In the first year of the Presidemt Buhari administration, many Nigerians lampooned the federal government for apparently abandoning the roads. But the Minister of Power, Works and Housing, Mr. Babatunde Fashola, has since rolled up his sleeves. He has been touring the country, inspecting on-going federal road projects. He announced that 206 federal road projects were being executed across the country.
Adesina, the President’s spokesman, said the government was also pushing ahead with the revitalisation of the country’s 3,500km network of narrow-gauge railway. In March 2017 a consortium, led by General Electric, Transnet of South Africa, APM Terminals of the Netherlands and Sinohydro Consortium of China, submitted the sole bid for the concession of the Lagos-Kano Railway narrow-gauge Line. (Transaction Advisers were approved for the project in 2016). In May 2017, the Federal Executive Council approved the commencement of negotiations with GE to conclude the concessioning.
The federal government has also said the Abuja’s Light Rail system would be test-run this year. “The first line to be launched will connect the city centre with the airport, with a link to the Abuja-Kaduna Railway Line. The test-run will start in November 2017, ahead of full commencement of operations in the first quarter of 2018,” the Federal Government has announced.
Last year, President Buhari completed and inaugurated the Abuja-Kaduna rail service, which was started by the President Goodluck Jonathan administration. And in April, the government completed the reconstruction of the Abuja Airport runway within the scheduled six-week period.
In the area of security, many people have applauded the federal government, especially for tackling the Boko Haram terrorist scourge that had for years caused death and distress in the North East.
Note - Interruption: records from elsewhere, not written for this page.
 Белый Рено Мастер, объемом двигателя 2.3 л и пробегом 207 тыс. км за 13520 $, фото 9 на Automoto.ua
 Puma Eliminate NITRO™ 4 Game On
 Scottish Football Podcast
The Buhari government has also ensured the release of many of the abducted Chibok schoolgirls. Earlier in May, 82 of the girls were released after three years in captivity.
Despite all this, some still insist that the federal government needs to do more to secure the country. Social commentator, David Udeh said: “I’m happy that the Boko Haram insurgents are being tackled. But that’s not the only security challenge in the country. Kidnappers are still as strong as ever. Government needs to tackle that too.”
The government has also been addressing the Niger Delta question. A series of interactions with stakeholders in the region, mostly led by the Acting President, has ensured the cessation of bombings of oil pipelines.
Some new initiatives for the area, it was gathered, include the approval of a 2017 commencement date for the stalled Nigerian Maritime University in Delta State, just as an
additional 35 billion naira has been approved for the Presidential Amnesty Programme. The federal government says it has also approved the establishment of modular refineries across the nine states of the Niger Delta, just as it pledged that construction would soon commence on abandoned projects across the Niger Delta, including the East-West Road.
The federal government has relentlessly pursued its anti-corruption fight, among others, just as its whistle-blowing policy is said to be yielding positive results.
But many Nigerians said the federal government should ensure a holistic approach to the anti-corruption fight, urging the Buhari administration to also prosecute government officials that have been accused of engaging in corrupt practices.
“Besides, the Apapa Road which leads to the ports deserve immediate attention,” David Udeh noted.